Bio-ORACLE provides future environmental projections for two time
periods (2040-2025, 2090-2100) using three atmospheric-ocean general
circulation models (AOGCMs: CCSM4, HadGEM2-ES and MIROC5) under four
Representative Concentration Pathways (RCPs) emission scenarios: RCP
2.6, RCP 4.5, RCP 6.0 and RCP8.5
(Assis
et al., 2018). To reduce uncertainty in environmental projections, we
averaged the predictions from the three AOGCMs to represent future
climate conditions. RCP 2.6 indicates an optimistic emission level with
well-controlled greenhouse gas concentration, while RCP 4.5 and RCP 6.0
represent moderate emission levels. RCP8.5 represents a pessimistic
scenario without controlled emissions (Moss et al., 2010). For
comparability, we used two RCPs (RCP 2.6 and RCP 8.5) to predict future
distributions for the 2050s (2040–2050) and 2100s (2090–2100). Future
environmental factors, including current velocity, mean salinity, mean
temperature, temperature range, are downloaded from Bio-ORACLE, while
the other factors were assumed to remain unchanged in the future (Zhang
et al., 2021).
2.3
Model construction and assessment
The modeling program used in this study is SDM based on the biomod2
package in the R platform (Thuiller et al., 2020). The package includes
ten modeling algorithms: maximum entropy (Maxent), random forest (RF),
surface extent envelope
(SRE),
multiple adaptive regression splines (MARS), artificial neural network
(Moss et al.), flexible discriminant analysis (FDA), classification tree
analysis (CTA), generalized boosting model (GBM), generalized linear
model (GLM), and generalized additive model (GAM). Species distribution
modeling and prediction rely on existing/pseudo-missing records and
current environmental data. Due to limited actual sampling point data
for most species, pseudo-distribution data is used as a substitute to
overcome this limitation (Barbet-Massin et al., 2012). The
pseudo-absences function in the R package MOPA is employed to randomly
simulate an equal number of pseudo-absent records and compare them with
the conditions of actual presence points, thereby improving the model’s
predictive performance (Guisan et al., 2017). To evaluate the accuracy
of the model predictions, a five-fold cross-validation method with 10
replicates was used (Fu et al., 2021). In this methodology, 80% of the
dataset is randomly selected for model calibration and testing, while
the remaining 20% is reserved for assessing model predictions.
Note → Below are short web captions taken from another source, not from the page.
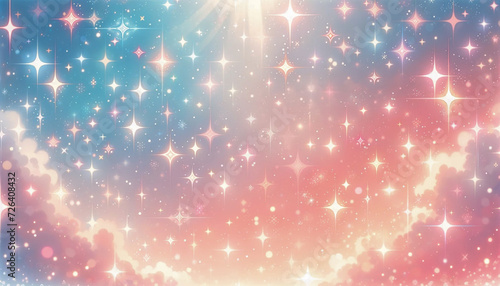 キラキラとした星空　背景、壁紙　（ AI生成画像 ） photo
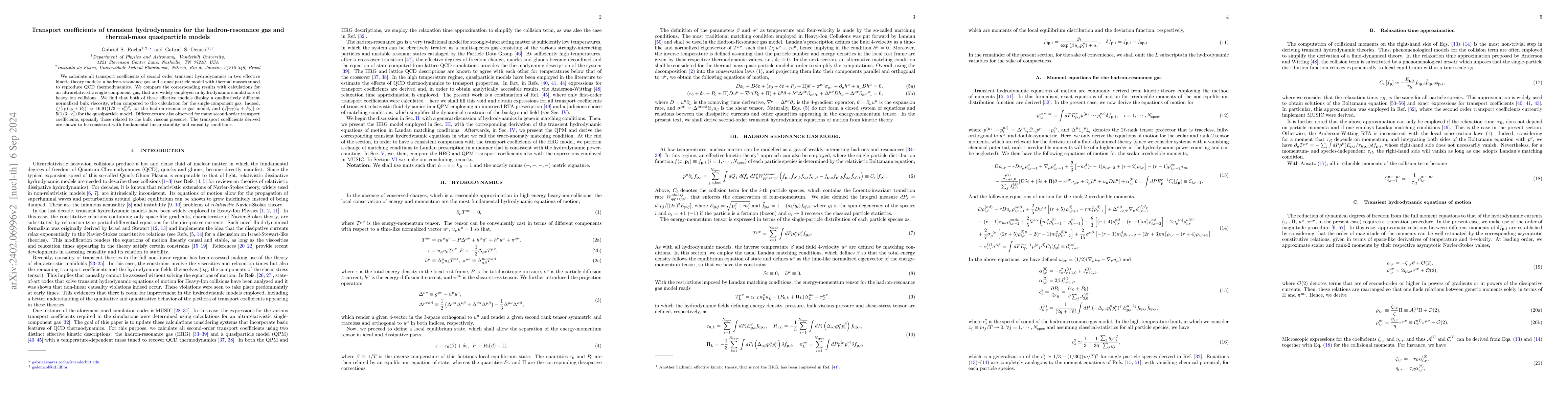 Thumbnail for Transport coefficients of transient hydrodynamics for the
  hadron-resonance gas and thermal-mass quasiparticle models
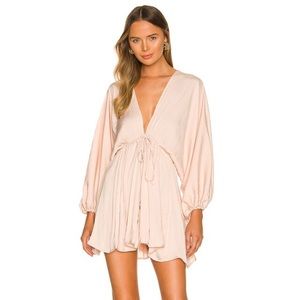 Free People Arzel Satin Dress in Blush small cream NWOT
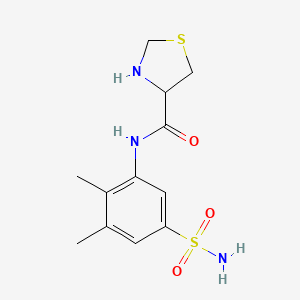 molecular formula C12H17N3O3S2 B2676173 N-(2,3-dimethyl-5-sulfamoylphenyl)-1,3-thiazolidine-4-carboxamide CAS No. 1189022-52-3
Two model evaluation indices embedded in biomod2, namely true skill
statistics (TSS) and the area under the receiver operating
characteristic curve (AUC), are calculated to estimate predictive
accuracy. Given the potential diversity in outcomes generated by the ten
models, an ensemble projecting approach is adopted to reduce uncertainty
and enhance reliability (Buisson et al., 2010; Morato et al., 2020). To
improve the accuracy of ensemble models, only models with an AUC greater
than 0.8 and a TSS greater than 0.7 are retained, indicating high
predicted accuracy and low uncertainty (Allouche et al., 2010; Mei et
al.,
2017).
Species-level and population-level modeling analyses are conducted,
drawing species response curves for each environmental variable using
the generated SDMs to visualize the variation in species occurrence
probability along the environmental gradient. The significance of each
predictor is estimated using a randomly permuted method (Guisan et al.,
2017). The potential distributions of the entire species and the two
populations (EIOS and WPI) under present and future climate scenarios
(2050s, 2100s) for RCP 2.6 and RCP 8.5, respectively, were predicted
using the ensemble models at both species and population levels.
Continuous habitat suitability maps are created based on the direct
outputs from the ensemble models. Using automatically derived thresholds
that maximize the TSS values of the ensemble model, we translated the
continuous prediction into binary values for a clearer comprehension of
habitat appropriateness (Liu et al., 2013).